(Records for the exercise begins)

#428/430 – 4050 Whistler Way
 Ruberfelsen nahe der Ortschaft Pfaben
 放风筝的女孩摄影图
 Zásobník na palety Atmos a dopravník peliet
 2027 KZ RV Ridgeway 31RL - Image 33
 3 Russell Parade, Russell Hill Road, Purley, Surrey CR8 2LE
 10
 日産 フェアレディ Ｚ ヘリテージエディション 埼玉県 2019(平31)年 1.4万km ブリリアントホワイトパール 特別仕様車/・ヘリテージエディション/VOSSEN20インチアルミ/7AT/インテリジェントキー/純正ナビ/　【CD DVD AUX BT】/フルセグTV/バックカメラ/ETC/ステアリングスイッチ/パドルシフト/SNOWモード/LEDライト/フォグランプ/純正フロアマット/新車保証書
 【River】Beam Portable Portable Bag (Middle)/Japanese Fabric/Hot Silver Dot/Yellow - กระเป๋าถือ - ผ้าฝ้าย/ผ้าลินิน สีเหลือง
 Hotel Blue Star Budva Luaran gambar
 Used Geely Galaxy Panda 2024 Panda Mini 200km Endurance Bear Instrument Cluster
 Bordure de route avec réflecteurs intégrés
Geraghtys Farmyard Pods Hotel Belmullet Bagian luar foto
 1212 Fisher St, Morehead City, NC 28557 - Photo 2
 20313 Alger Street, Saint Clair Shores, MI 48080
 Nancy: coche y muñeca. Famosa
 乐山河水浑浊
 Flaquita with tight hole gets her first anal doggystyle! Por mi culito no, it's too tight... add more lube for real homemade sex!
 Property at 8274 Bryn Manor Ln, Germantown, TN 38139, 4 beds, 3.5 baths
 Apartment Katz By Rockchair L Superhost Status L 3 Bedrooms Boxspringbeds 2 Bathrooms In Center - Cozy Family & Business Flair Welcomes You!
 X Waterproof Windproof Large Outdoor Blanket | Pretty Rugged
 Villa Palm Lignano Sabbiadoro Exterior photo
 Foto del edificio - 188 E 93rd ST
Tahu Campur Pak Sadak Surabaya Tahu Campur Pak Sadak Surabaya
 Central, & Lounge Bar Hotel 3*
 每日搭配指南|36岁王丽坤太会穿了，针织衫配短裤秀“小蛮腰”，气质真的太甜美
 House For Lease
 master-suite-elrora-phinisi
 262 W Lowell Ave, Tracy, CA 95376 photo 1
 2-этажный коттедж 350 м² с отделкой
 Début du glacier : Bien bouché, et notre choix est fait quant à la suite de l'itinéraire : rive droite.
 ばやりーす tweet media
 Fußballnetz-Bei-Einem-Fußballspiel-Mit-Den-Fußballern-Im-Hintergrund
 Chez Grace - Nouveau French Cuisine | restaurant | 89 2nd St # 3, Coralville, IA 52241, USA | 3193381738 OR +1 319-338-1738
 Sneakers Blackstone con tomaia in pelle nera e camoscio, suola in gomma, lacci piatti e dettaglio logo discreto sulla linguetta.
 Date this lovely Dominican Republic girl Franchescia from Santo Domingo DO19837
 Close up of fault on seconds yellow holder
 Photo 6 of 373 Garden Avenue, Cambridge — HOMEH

(Records for the exercise ends)

**Assignment**. Could you write out, exactly as they stand, only the lines above that begin at the line with "Bordure de route avec réflecteurs intégrés" and stop after the line with "Sneakers Blackstone con"?

**Your solution**.
 Bordure de route avec réflecteurs intégrés
Geraghtys Farmyard Pods Hotel Belmullet Bagian luar foto
 1212 Fisher St, Morehead City, NC 28557 - Photo 2
 20313 Alger Street, Saint Clair Shores, MI 48080
 Nancy: coche y muñeca. Famosa
 乐山河水浑浊
 Flaquita with tight hole gets her first anal doggystyle! Por mi culito no, it's too tight... add more lube for real homemade sex!
 Property at 8274 Bryn Manor Ln, Germantown, TN 38139, 4 beds, 3.5 baths
 Apartment Katz By Rockchair L Superhost Status L 3 Bedrooms Boxspringbeds 2 Bathrooms In Center - Cozy Family & Business Flair Welcomes You!
 X Waterproof Windproof Large Outdoor Blanket | Pretty Rugged
 Villa Palm Lignano Sabbiadoro Exterior photo
 Foto del edificio - 188 E 93rd ST
Tahu Campur Pak Sadak Surabaya Tahu Campur Pak Sadak Surabaya
 Central, & Lounge Bar Hotel 3*
 每日搭配指南|36岁王丽坤太会穿了，针织衫配短裤秀“小蛮腰”，气质真的太甜美
 House For Lease
 master-suite-elrora-phinisi
 262 W Lowell Ave, Tracy, CA 95376 photo 1
 2-этажный коттедж 350 м² с отделкой
 Début du glacier : Bien bouché, et notre choix est fait quant à la suite de l'itinéraire : rive droite.
 ばやりーす tweet media
 Fußballnetz-Bei-Einem-Fußballspiel-Mit-Den-Fußballern-Im-Hintergrund
 Chez Grace - Nouveau French Cuisine | restaurant | 89 2nd St # 3, Coralville, IA 52241, USA | 3193381738 OR +1 319-338-1738
 Sneakers Blackstone con tomaia in pelle nera e camoscio, suola in gomma, lacci piatti e dettaglio logo discreto sulla linguetta.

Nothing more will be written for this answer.